Hey everyone this is my first time posting so please bear with me. This is not a self-promotion rather needed some advice.
I’m working with a pre-seed startup. We’re building a governance layer for fintech companies deploying AI models and agents in regulated workflows.
The product combines:
- A runtime governance layer that sits around AI models and agents, checking inputs, outputs, tool use, and actions against policy/risk criteria.
- A lightweight receipt layer that creates audit records for important AI decisions, escalations, and workflow events.
- A lifecycle governance layer that connects those records across training, evaluation, deployment, and runtime operations.
The idea is to make AI workflows auditable by default.
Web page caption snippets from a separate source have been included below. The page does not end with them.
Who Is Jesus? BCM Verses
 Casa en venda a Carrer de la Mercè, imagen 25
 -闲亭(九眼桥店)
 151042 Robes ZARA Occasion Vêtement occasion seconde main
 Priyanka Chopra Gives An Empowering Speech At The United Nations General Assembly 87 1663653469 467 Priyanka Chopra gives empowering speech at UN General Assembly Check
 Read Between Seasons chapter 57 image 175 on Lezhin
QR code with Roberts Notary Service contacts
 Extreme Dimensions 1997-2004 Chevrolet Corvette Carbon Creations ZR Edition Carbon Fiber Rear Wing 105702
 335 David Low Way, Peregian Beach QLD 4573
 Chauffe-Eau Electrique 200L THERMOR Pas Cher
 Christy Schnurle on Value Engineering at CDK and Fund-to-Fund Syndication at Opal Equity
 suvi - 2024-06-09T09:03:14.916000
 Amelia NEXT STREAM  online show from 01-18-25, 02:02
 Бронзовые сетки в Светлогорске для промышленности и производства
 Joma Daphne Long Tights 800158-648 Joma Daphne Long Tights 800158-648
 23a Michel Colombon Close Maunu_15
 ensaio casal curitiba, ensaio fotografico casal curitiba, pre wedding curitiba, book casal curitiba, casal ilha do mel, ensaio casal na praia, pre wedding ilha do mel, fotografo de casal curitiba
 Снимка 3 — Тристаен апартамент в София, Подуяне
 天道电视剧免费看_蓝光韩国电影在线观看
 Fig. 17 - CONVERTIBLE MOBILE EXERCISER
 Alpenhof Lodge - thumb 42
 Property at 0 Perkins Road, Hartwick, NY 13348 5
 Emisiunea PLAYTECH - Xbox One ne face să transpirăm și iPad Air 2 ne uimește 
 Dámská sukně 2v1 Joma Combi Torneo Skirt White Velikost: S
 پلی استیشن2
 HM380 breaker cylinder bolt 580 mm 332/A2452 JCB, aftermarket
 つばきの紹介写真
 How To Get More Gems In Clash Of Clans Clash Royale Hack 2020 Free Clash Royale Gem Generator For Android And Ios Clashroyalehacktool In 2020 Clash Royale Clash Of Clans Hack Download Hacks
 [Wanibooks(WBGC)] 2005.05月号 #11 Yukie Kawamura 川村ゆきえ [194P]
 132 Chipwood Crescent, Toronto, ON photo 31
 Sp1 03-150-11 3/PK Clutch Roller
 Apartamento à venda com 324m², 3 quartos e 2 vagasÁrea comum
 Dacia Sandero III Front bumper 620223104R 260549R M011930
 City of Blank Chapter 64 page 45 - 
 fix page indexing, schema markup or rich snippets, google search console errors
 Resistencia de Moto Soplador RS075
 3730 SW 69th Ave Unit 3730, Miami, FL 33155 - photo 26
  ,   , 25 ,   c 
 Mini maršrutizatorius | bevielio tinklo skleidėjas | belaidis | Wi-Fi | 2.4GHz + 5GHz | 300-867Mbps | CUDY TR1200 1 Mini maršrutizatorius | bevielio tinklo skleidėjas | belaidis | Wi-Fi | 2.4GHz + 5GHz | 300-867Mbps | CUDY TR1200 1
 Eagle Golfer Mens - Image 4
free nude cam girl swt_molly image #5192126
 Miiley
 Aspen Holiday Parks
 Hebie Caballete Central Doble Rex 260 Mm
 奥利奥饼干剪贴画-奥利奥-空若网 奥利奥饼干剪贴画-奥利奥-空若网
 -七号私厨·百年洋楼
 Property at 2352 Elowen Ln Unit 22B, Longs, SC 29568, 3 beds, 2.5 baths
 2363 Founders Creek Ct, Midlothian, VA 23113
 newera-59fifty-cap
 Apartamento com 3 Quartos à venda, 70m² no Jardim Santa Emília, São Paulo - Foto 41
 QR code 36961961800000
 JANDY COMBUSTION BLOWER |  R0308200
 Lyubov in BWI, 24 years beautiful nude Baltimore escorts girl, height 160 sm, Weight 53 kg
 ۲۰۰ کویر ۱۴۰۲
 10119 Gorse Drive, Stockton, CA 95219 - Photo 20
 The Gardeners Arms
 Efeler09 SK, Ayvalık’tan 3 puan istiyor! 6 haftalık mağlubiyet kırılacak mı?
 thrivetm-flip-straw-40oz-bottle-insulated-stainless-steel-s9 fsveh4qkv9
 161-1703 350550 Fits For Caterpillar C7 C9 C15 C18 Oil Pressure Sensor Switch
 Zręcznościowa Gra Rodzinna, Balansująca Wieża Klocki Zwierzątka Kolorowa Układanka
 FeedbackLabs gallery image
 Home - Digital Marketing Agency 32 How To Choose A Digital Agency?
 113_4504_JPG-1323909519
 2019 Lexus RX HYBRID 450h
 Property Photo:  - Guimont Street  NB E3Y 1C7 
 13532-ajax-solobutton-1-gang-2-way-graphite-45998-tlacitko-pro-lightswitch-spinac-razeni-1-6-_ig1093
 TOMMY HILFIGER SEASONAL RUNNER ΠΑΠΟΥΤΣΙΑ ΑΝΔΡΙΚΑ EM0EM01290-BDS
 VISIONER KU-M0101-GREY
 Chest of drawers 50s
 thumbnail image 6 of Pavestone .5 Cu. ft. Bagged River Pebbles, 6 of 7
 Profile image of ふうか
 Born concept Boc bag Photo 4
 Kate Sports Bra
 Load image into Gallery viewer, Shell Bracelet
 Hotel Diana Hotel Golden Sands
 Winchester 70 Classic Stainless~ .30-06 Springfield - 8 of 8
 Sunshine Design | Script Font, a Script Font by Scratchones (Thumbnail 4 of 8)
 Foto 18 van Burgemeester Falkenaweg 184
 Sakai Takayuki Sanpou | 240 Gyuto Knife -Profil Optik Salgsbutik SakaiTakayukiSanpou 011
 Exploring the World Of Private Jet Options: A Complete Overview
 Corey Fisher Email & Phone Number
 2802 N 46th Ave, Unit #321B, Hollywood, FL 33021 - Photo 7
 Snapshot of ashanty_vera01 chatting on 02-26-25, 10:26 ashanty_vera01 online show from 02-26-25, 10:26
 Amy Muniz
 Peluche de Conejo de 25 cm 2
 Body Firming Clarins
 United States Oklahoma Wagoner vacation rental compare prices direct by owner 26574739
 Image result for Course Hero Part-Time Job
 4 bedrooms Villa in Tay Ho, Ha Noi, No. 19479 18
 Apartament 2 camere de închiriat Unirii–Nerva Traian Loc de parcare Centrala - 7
For example, if an AI agent is involved in lending, credit risk, fraud review, AML/KYC, servicing, collections, or customer support, it should be possible to answer:
- What did the model/agent do?
- What data or context did it use?
- What policy was applied?
- Was the action low-risk, high-risk, or escalation-worthy?
- Was human review required?
- Can this be shown later to an internal compliance team, external auditor, or regulator?
We’re trying to create tamper-evident governance records across the lifecycle of AI systems, not just post-hoc documentation. Our current wedge is fintech, especially AI-based lending platforms, AI-native financial tools, and mid-sized regulated companies adopting AI.
The challenge: I’ve been doing LinkedIn cold outreach to potential fintech design partners, but haven’t heard back much yet. So I’m trying to figure out whether the problem is the idea, the positioning, the buyer, or the outreach channel.
Would love honest feedback:
Is this a real pain point for fintech teams right now?
Who is the right buyer/persona: CTO, compliance, risk, model governance, product, or audit?
Is “AI audit receipts” a compelling wedge, or does it sound too abstract?
Which use case sounds most urgent: lending, AML/fraud, collections, or customer support?
How would you recommend finding early design partners for something like this?
We’re early/pre-seed, so brutal feedback is welcome. I’m trying to understand whether this is a real wedge and how to reach the right people.